Within the data that follows, set down exactly the lines from the one containing "Canon EOS-1D Mark" through the one containing "Beautiful Demoiselle ♂ (2016)", both ends included.

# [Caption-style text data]
# # # # #
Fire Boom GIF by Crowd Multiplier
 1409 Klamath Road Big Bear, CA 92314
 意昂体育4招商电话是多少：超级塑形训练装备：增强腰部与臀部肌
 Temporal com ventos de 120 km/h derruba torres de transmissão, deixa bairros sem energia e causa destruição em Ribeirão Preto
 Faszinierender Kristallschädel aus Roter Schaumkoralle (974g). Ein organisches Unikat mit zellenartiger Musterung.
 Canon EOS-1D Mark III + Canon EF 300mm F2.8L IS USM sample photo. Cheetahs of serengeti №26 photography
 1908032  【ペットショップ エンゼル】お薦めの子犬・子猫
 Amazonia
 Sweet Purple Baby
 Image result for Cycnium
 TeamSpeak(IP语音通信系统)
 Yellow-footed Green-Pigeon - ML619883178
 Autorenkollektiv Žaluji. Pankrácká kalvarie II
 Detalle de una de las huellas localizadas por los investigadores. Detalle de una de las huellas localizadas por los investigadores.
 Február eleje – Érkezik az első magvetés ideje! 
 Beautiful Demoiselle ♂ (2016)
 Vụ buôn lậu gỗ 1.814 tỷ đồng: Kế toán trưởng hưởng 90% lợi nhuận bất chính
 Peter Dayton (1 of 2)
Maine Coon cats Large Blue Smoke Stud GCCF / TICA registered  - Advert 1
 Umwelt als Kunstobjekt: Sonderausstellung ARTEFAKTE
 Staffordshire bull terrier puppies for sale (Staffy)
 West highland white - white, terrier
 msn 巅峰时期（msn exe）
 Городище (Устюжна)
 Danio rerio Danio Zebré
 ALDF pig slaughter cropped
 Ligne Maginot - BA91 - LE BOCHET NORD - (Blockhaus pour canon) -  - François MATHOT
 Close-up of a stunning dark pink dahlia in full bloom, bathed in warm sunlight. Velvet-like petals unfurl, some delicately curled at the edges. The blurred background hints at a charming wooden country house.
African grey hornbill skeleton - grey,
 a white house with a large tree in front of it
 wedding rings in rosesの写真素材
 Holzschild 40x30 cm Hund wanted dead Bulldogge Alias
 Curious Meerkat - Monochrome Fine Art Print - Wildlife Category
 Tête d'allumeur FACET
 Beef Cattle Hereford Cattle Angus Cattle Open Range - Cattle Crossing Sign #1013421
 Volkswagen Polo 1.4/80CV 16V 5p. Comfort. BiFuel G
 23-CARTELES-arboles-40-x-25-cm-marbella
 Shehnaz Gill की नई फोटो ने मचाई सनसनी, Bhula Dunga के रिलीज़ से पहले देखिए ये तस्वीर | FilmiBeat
# # # # #
# [TASK RESULT]
 Canon EOS-1D Mark III + Canon EF 300mm F2.8L IS USM sample photo. Cheetahs of serengeti №26 photography
 1908032  【ペットショップ エンゼル】お薦めの子犬・子猫
 Amazonia
 Sweet Purple Baby
 Image result for Cycnium
 TeamSpeak(IP语音通信系统)
 Yellow-footed Green-Pigeon - ML619883178
 Autorenkollektiv Žaluji. Pankrácká kalvarie II
 Detalle de una de las huellas localizadas por los investigadores. Detalle de una de las huellas localizadas por los investigadores.
 Február eleje – Érkezik az első magvetés ideje! 
 Beautiful Demoiselle ♂ (2016)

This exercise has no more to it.